Then, his hamstring gave out and it practically wiped out the entire second half for him. He did start two more games but reinjured it in the second quarter Dec. 4 against Cincinnati and left again in his next game in the third quarter Dec. 19 in San Francisco.

He finished with those nine sacks, enough to tie James Harrison for the team lead.

What could have been another NFL defensive player of the year season for a Steelers player ended with him not making the Pro Bowl. Woodley shrugged in a that's-the-way-the-cookie-crumbles kind of way while talking about it, the same way he did when he reported to training camp a year ago entering the final year of his contract. The Steelers took care of that by signing him to a six-year, $61.5 million deal, and Woodley believes things will again take care of themselves in 2012.

"I get another year to do it again," Woodley said. "That's how I look at it. Last year I didn't do it because of injury. But, every year you come back you have another opportunity to do the same thing. I look forward to having another good season and helping my team out."
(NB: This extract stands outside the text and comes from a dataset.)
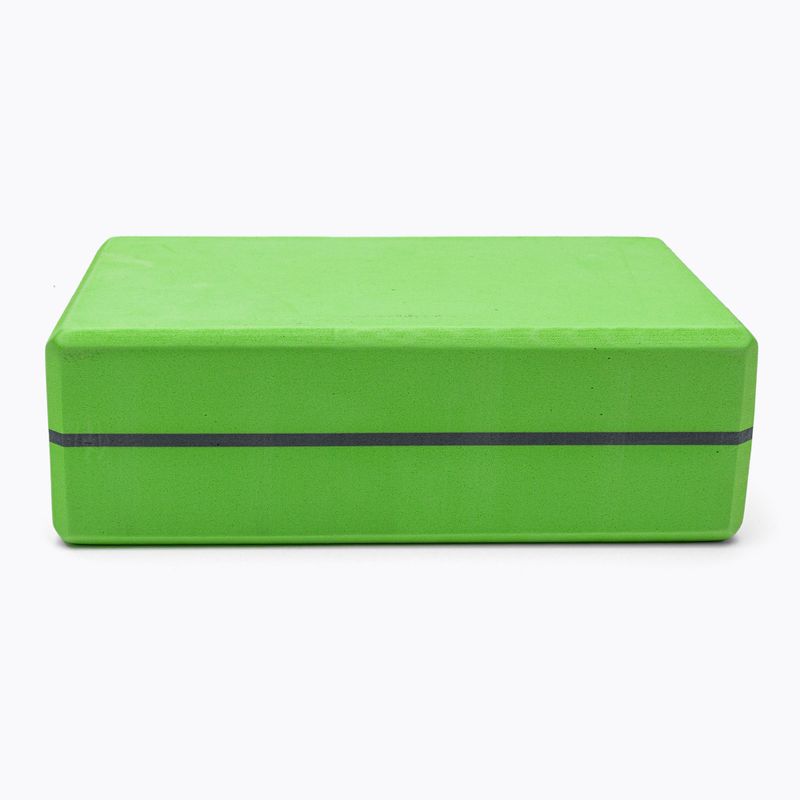 Blocco Yoga Schildkröt verde 5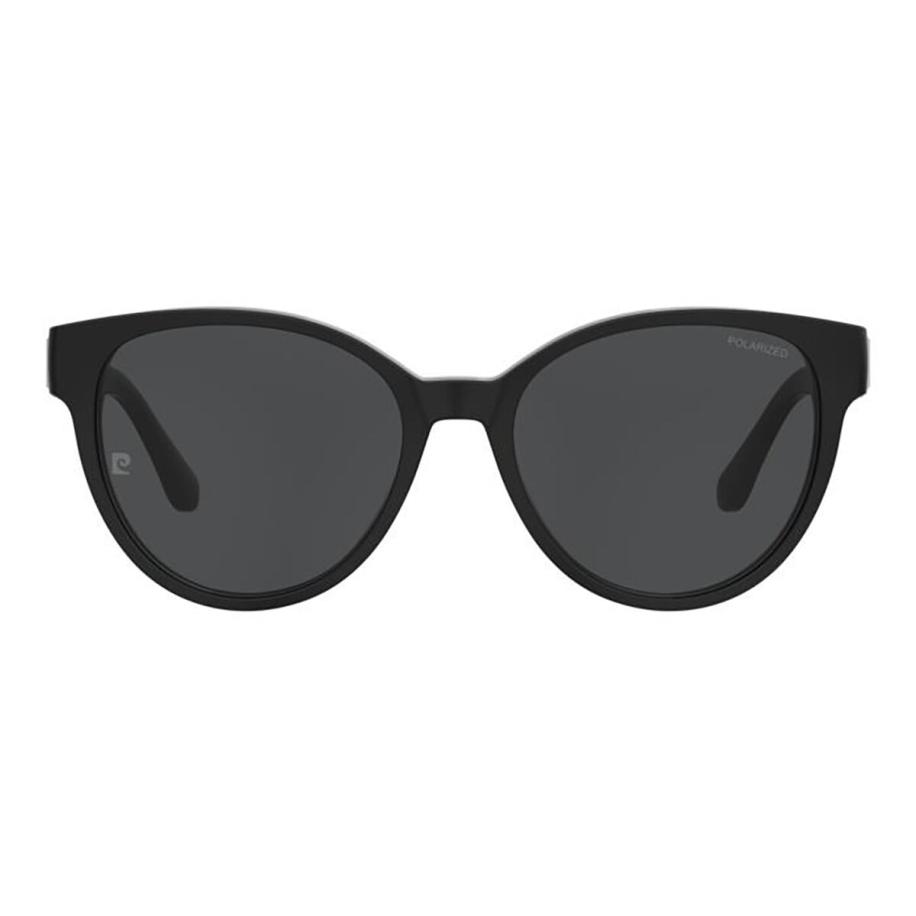 Pierre Cardin P.C. 8538/C with Clip-on 807/M9 Zwart Dames Bril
He was derailed a few days last week with something new, a groin injury. He says it is not serious and acknowledged that last year's experience with his pulled hamstring has caused him and his coaches to be more cautious this time.

"Exactly," said Woodley, who returned to practice full time over the weekend. "I'm good to go. Just a few days off."

The hamstring injury and its fallout prompted him to train a little differently after last season. He worked to strengthen the hamstrings and the muscles around it.

"I worked on flexibility this offseason. It wasn't a thing where I felt it before I pulled it. It was something that just happened. I felt like this offseason I really worked to make sure it doesn't happen again, but muscles [are] muscles sometime."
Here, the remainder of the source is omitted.